The optimizer provided to the TrainingLoop can be any Optax optimizer, however, this library also has a specialized pipeline that has been inspired by this PyTorch MACE implementation. It is configurable via a OptimizerConfig object that has sensible defaults set for training MLIP models. However, we suggest to also check out our white paper for recommendations for sensible ways to adapt the defaults for specific models, for instance, ViSNet and NequIP seem to be more prone to NaNs with the default learning rate and benefit from using a smaller one such as 1e-4.

The default MLIP optimizer can be set up like this:

from mlip.training import get_default_mlip_optimizer, OptimizerConfig

# with default config
optimizer = get_default_mlip_optimizer()

# with modified config
optimizer = get_default_mlip_optimizer(OptimizerConfig(**config_kwargs))

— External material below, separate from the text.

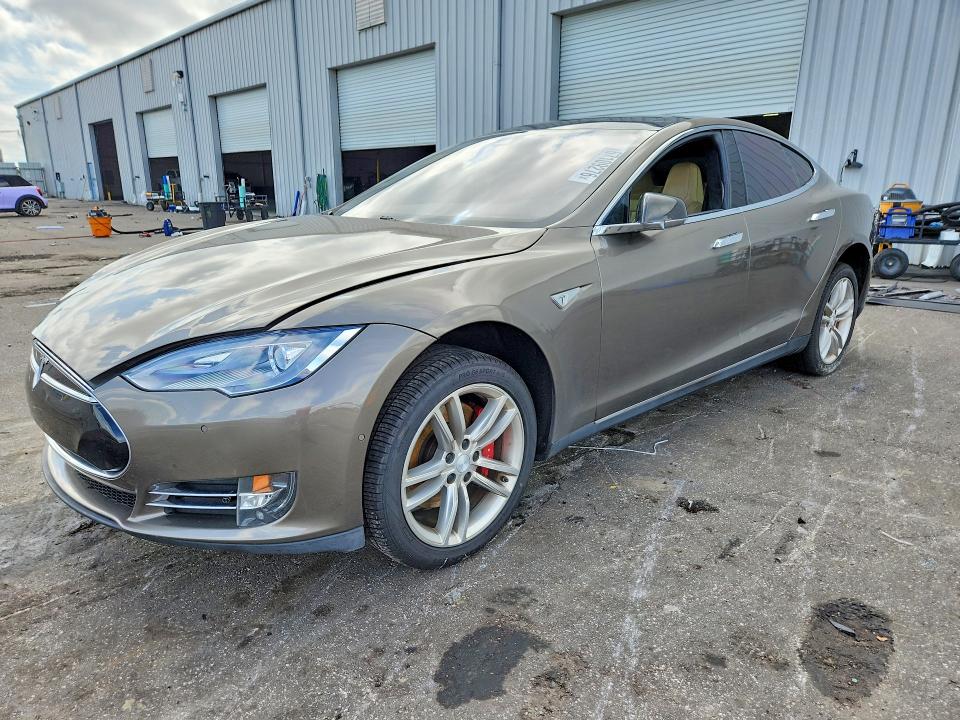 Aukcja sprzedaży 2015 Tesla Model S, vin: 5YJSA1H45FF089187, numer aukcji: 67109276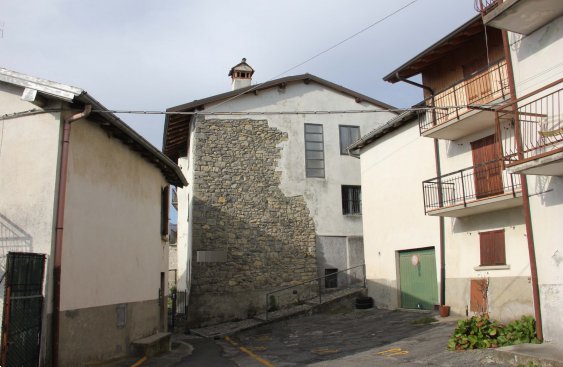 casa indipendente in vendita a Serina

See the API reference for get_default_mlip_optimizer and OptimizerConfig for further details on how this MLIP optimizer works internally.

IO handling and logging¶

During training, we want to allow for checkpointing of the training state and logging of metrics. The TrainingIOHandler class manages these tasks. It comes with its own config, the TrainingIOHandlerConfig, which like most other configs in the library can be accessed via TrainingIOHandler.Config. The IO handler uses Orbax Checkpointing to save and restore model checkpoints. Also, for loading a trained model for simulations or other inference tasks, this library relies on loading these model checkpoints (see load_parameters_from_checkpoint()). The local checkpointing location can be set in the config, however, uploading these checkpoints to remote storage locations can be achieved via a provided data upload function:

import os
from mlip.training import TrainingIOHandler

io_config = TrainingIOHandler.Config(**config_kwargs)

def remote_storage_sync_fun(source: str | os.PathLike) -> None:
    """Makes sure local data in source is uploaded to remote storage"""
    pass  # placeholder

io_handler = TrainingIOHandler(io_config, remote_storage_sync_fun)

Locally, after the training run has started, the checkpointing location will contain a dataset_info.json file with the saved DatasetInfo object, and a model subdirectory with all the model checkpoints, one for each epoch that had the best model up to that point judging by validation set loss. In this location, it is recommended to also save other metadata manually, such as the applied model config.

For advanced logging, e.g., to an experiment tracking platform (such as Neptune), one can also attach custom logging functions to the IO handler:

mlip.training.training_io_handler import LogCategory

def train_logging_fun(
    category: LogCategory, to_log: dict[str, Any], epoch_number: int
) -> None:
"""Advanced logging function"""
    pass  # placeholder

io_handler.attach_logger(train_logging_fun)

See the documentation of LogCategory for more details on what type of data can be logged with such a logger during training. Furthermore, this library provides built-in logging functions that can be attached to the IO handler, log_metrics_to_table(), which prints the training metrics to the console in a nice table format (using Rich tables), or log_metrics_to_line(), which logs the metrics in a single line.

These logging functions automatically convert any MSE metrics to RMSE for easier interpretation. Internally, we only keep track of MSE instead of RMSE because we must ensure that the square root is taken at the very end and not before any averaging across batches or devices happens. If one desires to do the same conversion in their custom logging function, see convert_mse_to_rmse_in_logs(), which is a helper function we provide for this task.

Note that it is possible to omit the io_handler argument in the TrainingLoop class. In that case, a default IO handler is set up internally and used. This IO handler does not include checkpointing, but it does have the log_metrics_to_line() logging function attached by default.